How are you doing tonight phobic/anxious bros?
I havent been outside for many months now, and i taped all my windows up so the sun cant get in, i love sitting in the dark
>>83856374that's though anon. how do you make a living?
>>83856404I dont lol. I have no future. Just sit in the dark and let psychosis take over. I just feel around with my hands if i need to go to a different room. I think this is how cave animals went blind
>>83856307I have really bad social anxiety but I've been trying to get better at socializing online. I normally delete/block everyone I meet because talking to them makes me nervous as hell. Some girl added me from here and I ended up making her think I was a stalker I think. Also I was afraid she'd abandon me so I ended up deleting her like 2-3 times and then begging her back. She ended up blocking me and dropping off the face of the internet just to avoid me. All I wanted to do is apologize to her for how I've acted. It makes me feel like a complete piece of shit that someone would go to such lengths to avoid me. I wish I could talk to her again but if she'd just forgive me it would ease my mind at least. So I'm not doing very well at all.

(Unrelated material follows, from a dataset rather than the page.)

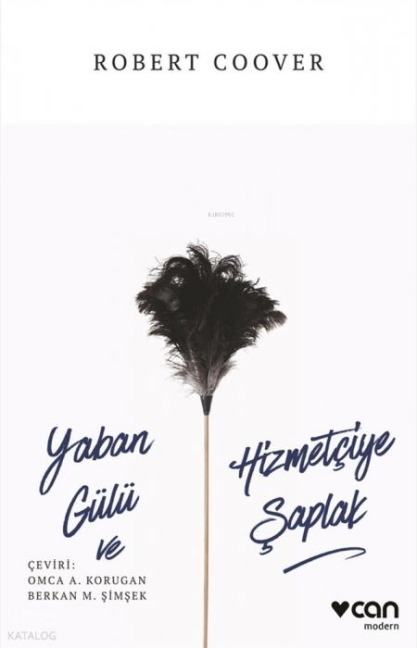 Yaban Gülü ve Hizmetciye Saplak - Robert Coover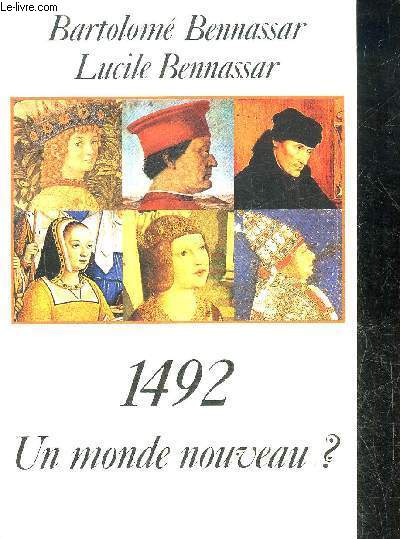 1492 UN MONDE NOUVEAU ?.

>>83856307im wacking off through my asshole
>>83856307Maintenance came by my unit while I was at work today WITHOUT ME KNOWING and fixed a toilet problem I've been having for years. They cleaned up pretty well but...OP, they saw everything out in the open. The posters, the flags, the pokeballs containing cards, my snacks, etc. It's nothing illegal or whatever, but it still kind of bothers me that they were here...in the unit...unsupervised. I'm glad the problem was fixed (apartment hasn't been THIS quiet in years), but holy shit. I'm a bit worried whether or not I'll be able to reup my least next month, and I just KNOW it's going to cost more this time around.